> **Task requirements**:
Print the complete set of entries exactly.

Caption-style text data:
#####

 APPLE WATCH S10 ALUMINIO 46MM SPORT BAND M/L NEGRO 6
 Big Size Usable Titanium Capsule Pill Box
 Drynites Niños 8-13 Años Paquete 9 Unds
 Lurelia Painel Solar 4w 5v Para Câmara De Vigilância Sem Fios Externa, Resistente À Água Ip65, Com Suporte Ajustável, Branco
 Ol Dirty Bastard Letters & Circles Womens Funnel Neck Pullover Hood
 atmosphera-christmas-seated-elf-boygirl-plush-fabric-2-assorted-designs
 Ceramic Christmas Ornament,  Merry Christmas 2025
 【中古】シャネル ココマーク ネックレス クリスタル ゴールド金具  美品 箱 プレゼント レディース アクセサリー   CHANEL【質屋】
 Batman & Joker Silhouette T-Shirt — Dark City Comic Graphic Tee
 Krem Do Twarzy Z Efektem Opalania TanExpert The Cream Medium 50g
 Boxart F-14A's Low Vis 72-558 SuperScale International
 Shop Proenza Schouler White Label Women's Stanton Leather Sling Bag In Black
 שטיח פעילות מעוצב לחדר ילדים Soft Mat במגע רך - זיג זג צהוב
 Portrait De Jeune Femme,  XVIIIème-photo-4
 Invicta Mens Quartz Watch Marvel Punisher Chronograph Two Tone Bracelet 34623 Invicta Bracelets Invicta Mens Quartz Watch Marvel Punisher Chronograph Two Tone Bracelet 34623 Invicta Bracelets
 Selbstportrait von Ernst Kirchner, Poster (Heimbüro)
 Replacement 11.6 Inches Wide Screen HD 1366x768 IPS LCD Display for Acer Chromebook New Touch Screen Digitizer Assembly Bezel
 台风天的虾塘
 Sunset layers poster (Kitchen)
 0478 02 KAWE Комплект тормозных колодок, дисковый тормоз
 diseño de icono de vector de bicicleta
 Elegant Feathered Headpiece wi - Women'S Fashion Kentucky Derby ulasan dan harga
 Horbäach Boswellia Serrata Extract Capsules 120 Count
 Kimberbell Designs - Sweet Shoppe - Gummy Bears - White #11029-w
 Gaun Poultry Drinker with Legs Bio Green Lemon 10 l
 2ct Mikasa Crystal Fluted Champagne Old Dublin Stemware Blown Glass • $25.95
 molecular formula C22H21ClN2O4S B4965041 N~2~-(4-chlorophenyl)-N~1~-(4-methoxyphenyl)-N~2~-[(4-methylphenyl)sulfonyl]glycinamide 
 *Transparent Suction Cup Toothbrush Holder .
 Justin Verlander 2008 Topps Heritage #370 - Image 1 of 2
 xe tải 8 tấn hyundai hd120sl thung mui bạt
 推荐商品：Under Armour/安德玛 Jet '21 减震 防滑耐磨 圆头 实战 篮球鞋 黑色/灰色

#####

> **Answer for this exercise**:
 APPLE WATCH S10 ALUMINIO 46MM SPORT BAND M/L NEGRO 6
 Big Size Usable Titanium Capsule Pill Box
 Drynites Niños 8-13 Años Paquete 9 Unds
 Lurelia Painel Solar 4w 5v Para Câmara De Vigilância Sem Fios Externa, Resistente À Água Ip65, Com Suporte Ajustável, Branco
 Ol Dirty Bastard Letters & Circles Womens Funnel Neck Pullover Hood
 atmosphera-christmas-seated-elf-boygirl-plush-fabric-2-assorted-designs
 Ceramic Christmas Ornament,  Merry Christmas 2025
 【中古】シャネル ココマーク ネックレス クリスタル ゴールド金具  美品 箱 プレゼント レディース アクセサリー   CHANEL【質屋】
 Batman & Joker Silhouette T-Shirt — Dark City Comic Graphic Tee
 Krem Do Twarzy Z Efektem Opalania TanExpert The Cream Medium 50g
 Boxart F-14A's Low Vis 72-558 SuperScale International
 Shop Proenza Schouler White Label Women's Stanton Leather Sling Bag In Black
 שטיח פעילות מעוצב לחדר ילדים Soft Mat במגע רך - זיג זג צהוב
 Portrait De Jeune Femme,  XVIIIème-photo-4
 Invicta Mens Quartz Watch Marvel Punisher Chronograph Two Tone Bracelet 34623 Invicta Bracelets Invicta Mens Quartz Watch Marvel Punisher Chronograph Two Tone Bracelet 34623 Invicta Bracelets
 Selbstportrait von Ernst Kirchner, Poster (Heimbüro)
 Replacement 11.6 Inches Wide Screen HD 1366x768 IPS LCD Display for Acer Chromebook New Touch Screen Digitizer Assembly Bezel
 台风天的虾塘
 Sunset layers poster (Kitchen)
 0478 02 KAWE Комплект тормозных колодок, дисковый тормоз
 diseño de icono de vector de bicicleta
 Elegant Feathered Headpiece wi - Women'S Fashion Kentucky Derby ulasan dan harga
 Horbäach Boswellia Serrata Extract Capsules 120 Count
 Kimberbell Designs - Sweet Shoppe - Gummy Bears - White #11029-w
 Gaun Poultry Drinker with Legs Bio Green Lemon 10 l
 2ct Mikasa Crystal Fluted Champagne Old Dublin Stemware Blown Glass • $25.95
 molecular formula C22H21ClN2O4S B4965041 N~2~-(4-chlorophenyl)-N~1~-(4-methoxyphenyl)-N~2~-[(4-methylphenyl)sulfonyl]glycinamide 
 *Transparent Suction Cup Toothbrush Holder .
 Justin Verlander 2008 Topps Heritage #370 - Image 1 of 2
 xe tải 8 tấn hyundai hd120sl thung mui bạt
 推荐商品：Under Armour/安德玛 Jet '21 减震 防滑耐磨 圆头 实战 篮球鞋 黑色/灰色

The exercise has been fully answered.